Women’s studies proposes merger with LGBT studies

By Ali Combs

The Women’s Studies program is looking at big changes over the next several months, including a possible name change, new certificates to be offered and a more inclusive curriculum.

During the spring semester, students on the mailing lists for either the women’s studies or lesbian, gay, bisexual and transgender (LGBT) studies programs received a series of emails in regard to potential changes to the programs, one of the most prominent being a merger of the two programs. The new program would be an expanded version of the two current programs.

Women’s Studies Director Kristen Myers said the expansion would create more opportunities for students who want to be involved.

“We’re trying to expand our scope…,” Myers said. “We want to create a new minor track called LGBT studies, which is a certificate right now…. We hope to create an undergraduate certificate for women’s studies, which we think will be a nice feeder program.”

Provost Raymond Alden described the proposed changes as a “blend” of the current programs.

“As I understand it, it’s trying to come up with a new blending of the mission of the Women’s Studies Center and the LGBT Center and making it a much more holistic program,” Alden said. “One that includes both the issues of the Women’s Studies program along with a gender and orientation studies program.”

The potential changes to the program go much further than a merger or name change. Myers said they want to make a women’s studies major more easily accessible, as it is currently only available as a contract major.

She also said the ultimate goal would be to create a women’s studies master’s program.

Students and faculty involved in the women’s studies and LGBT studies programs were asked to respond to a survey and give their thoughts on the proposed changes. Myers said the vast majority of respondents were in favor of the changes.

“We had overwhelmingly positive responses…,” Myers said. “People who were ambivalent about it were in both studies. Students were more supportive than any other group.”

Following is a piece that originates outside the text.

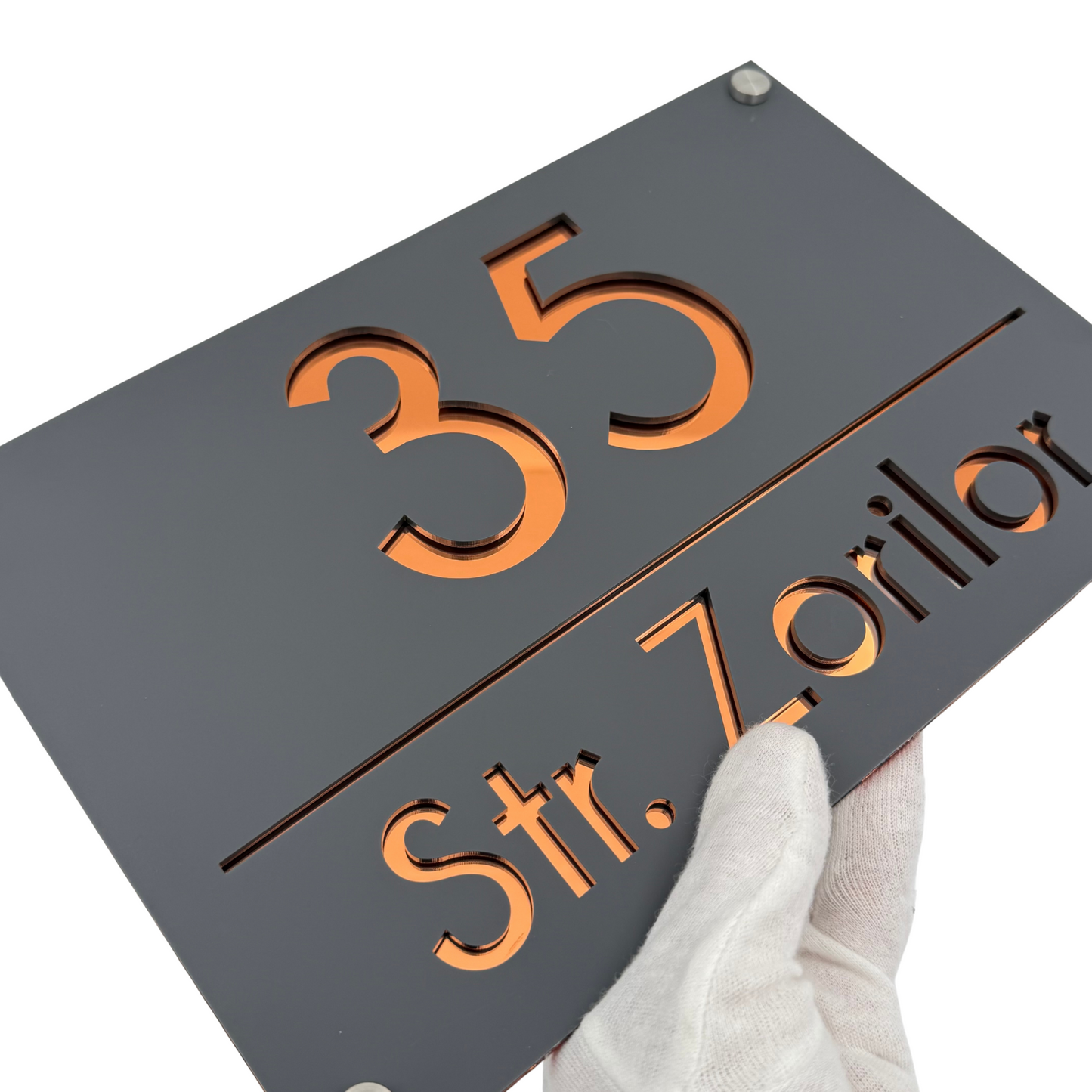 PREMIUM HOUSE NUMBER - Satin Grey Copper Mirror 4 Spacers Silver - 30×20 cm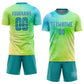Custom Tie Dye Teal-White Sublimation Soccer Uniform Jersey Limited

Chris McCord, dean of the College of Liberal Arts and Sciences, said although the proposal is still in its very early stages, he is “wildly supportive” of the potential changes.

“I am aware of and supportive of all of those changes,” McCord said. “But there is a long way to go in an approval process before anything happens.”

Myers hopes to see the changes take effect by fall, but the approval process may take longer than that.